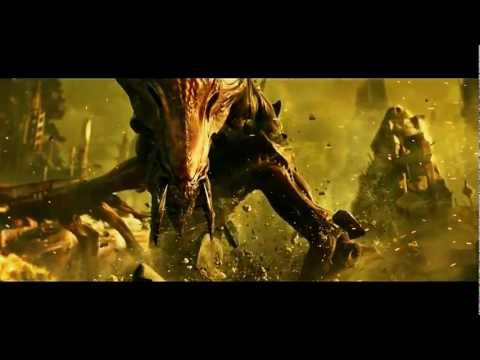 Blizzard WCS Australia Nationals/Oceania Finals - Teaser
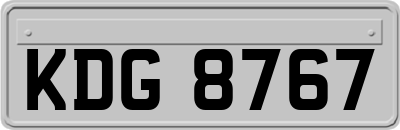 KDG8767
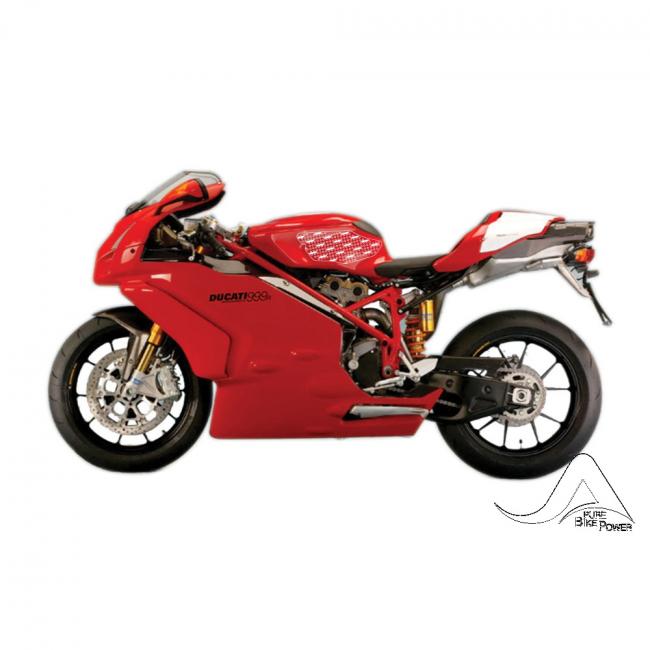 Stompgrip DUCATI 749 / 999 03-06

**What you are asked to do**
Leave out the images and repeat the rest of the data word for word.

**Answer section**
 Blizzard WCS Australia Nationals/Oceania Finals - Teaser
 KDG8767
 Stompgrip DUCATI 749 / 999 03-06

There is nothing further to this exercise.